Jesus gradually gained popularity and thousands of followers are mentioned in the gospels. He shared some attributes with the Pharisees and the Essenes, two of the Jewish sects at that time.

  • Like the Pharisees, Jesus’ teaching methods included the expression of thoughts about the human condition in the form of aphorisms and parables, and he also shared the belief in the genuine authority of Hebrew sacred scriptures.
  • Unlike the Pharisaic teachers, Jesus believed that outward compliance with the law was not of utmost importance and that values such as the love for enemies were more important. Moreover, Jesus summed up his ethical views in the double command concerning love:

“Thou shalt love the Lord thy God with all thy heart, and with all thy soul, and with all thy mind” and “Thou shalt love thy neighbour as thyself” (Mark 12.28-31; Matthew 22.35-40 and Luke 10.25-28).

Painting of Jesus surrounded by followers, delivering His Sermon on the Mountain.
Figure 7-2: The Sermon on the Mountain by Arsène Robert is licensed under CC-BY-SA 4.0 .

The Essenes had a very simple way of life, a pacifist spirit, common ownership of property, common meals, they practiced exorcisms, and they stressed the love for each other, all practices seen in the ministry of Jesus. (39)

Jesus’ prophetic preaching (the coming of God’s kingly rule) and his wisdom teaching (the command of love) are never explicitly linked to one another. This gap has been subject to endless discussions and interpretations in many traditions. A possible interpretation is that only the coming of God’s kingdom makes it possible for people to love God in complete obedience and to love their neighbors, including enemies. This is, however, a matter of speculation. (39)

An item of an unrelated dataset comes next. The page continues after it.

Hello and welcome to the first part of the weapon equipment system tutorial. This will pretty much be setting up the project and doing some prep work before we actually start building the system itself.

Jesus’ Arrest and Condemnation to Death

At some point towards the end of his career, Jesus moved to Jerusalem, Judea, reaching the climax of his public life. Here he engaged in different disputes with his many adversaries. At the same time, some religious authorities were seeking to entrap him into self-incrimination by raising controversial topics, mostly of a theological nature. The gospels offer different reasons as to why the Sanhedrin (the Jewish court) was interested in executing Jesus, but only John (11.47-53) seems convincing enough: Jesus was seen as a trouble-maker who threatened public harmony.

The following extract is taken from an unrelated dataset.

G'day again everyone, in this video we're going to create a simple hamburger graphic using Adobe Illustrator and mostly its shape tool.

A Roman intervention to restore order, thus breaking the fine balance between Jewish and Roman power, did not interest the Sanhedrin. An arresting party finally took Jesus to the Sanhedrin, where he was judged, found guilty of blasphemy, and condemned to death. However, the execution order had to be issued by a Roman authority; the Jewish court did not have such power at that time. Therefore, Jesus was brought to the procurator of Rome who ordered Jesus’ execution. Because Jesus never denied the charges, he should have been convicted and not executed, as the Roman law required in case of confession for such a penalty. On a hill outside Jerusalem, Jesus was finally crucified and killed, which was not a Jewish form of punishment but a common Roman practice. (39)

The Apostle Paul

Paul was a follower of Jesus Christ who famously converted to Christianity on the road to Damascus after persecuting the very followers of the community that he joined. However, as we will see, Paul is better described as one of the founders of the religion rather than a convert to it. Scholars attribute seven books of the New Testament to Paul; he was an influential teacher and a missionary to much of Asia Minor and present-day Greece.

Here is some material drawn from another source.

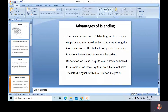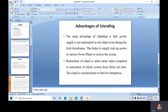An under-frequency relay is employed to sense major grid disturbances and initiate load shedding by opening designated feeders prior to islanding, to ensure a generation-rich island. Low grid frequency in combination with power flow towards the grid initiates islanding, and hence simultaneously trips all predefined lines to make the island.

In the last century, scholars have come to appreciate Paul as the actual founder of the religious movement that would become Christianity. Paul was a Diaspora Jew, a member of the party of the Pharisees, who experienced a revelation of the resurrected Jesus. After this experience, he traveled widely throughout the eastern Roman Empire, spreading the “good news” that Jesus would soon return from heaven and usher in the reign of God (“the kingdom”). Paul was not establishing a new religion; he believed that his generation was the last before the end time when this age would be transformed. However, as time passed and Jesus did not return, the second century Church Fathers turned to Paul’s writings to validate what would ultimately be the creation of Christian dogma. Thus, Paul could be viewed as the founder of Christianity as a separate religion apart from Judaism.

Paul’s Letters and the Law of Moses

In the New Testament, we have fourteen letters traditionally assigned to Paul, but the scholarly consensus now holds that of the fourteen, seven were actually written by Paul:

  • 1 Thessalonians
  • Galatians
  • Philemon
  • Philippians
  • 1 & 2 Corinthians
  • Romans

The others were most likely written by a disciple of Paul’s, using his name to carry authority. We understand these letters to be circumstantial, meaning they were never intended as systematic theology or as treatises on Christianity. In other words, the letters are responses to particular problems and circumstances as they arose in the various communities. They were not written as universal dictates to serve as Christian ideology but only came to have importance and significance over time.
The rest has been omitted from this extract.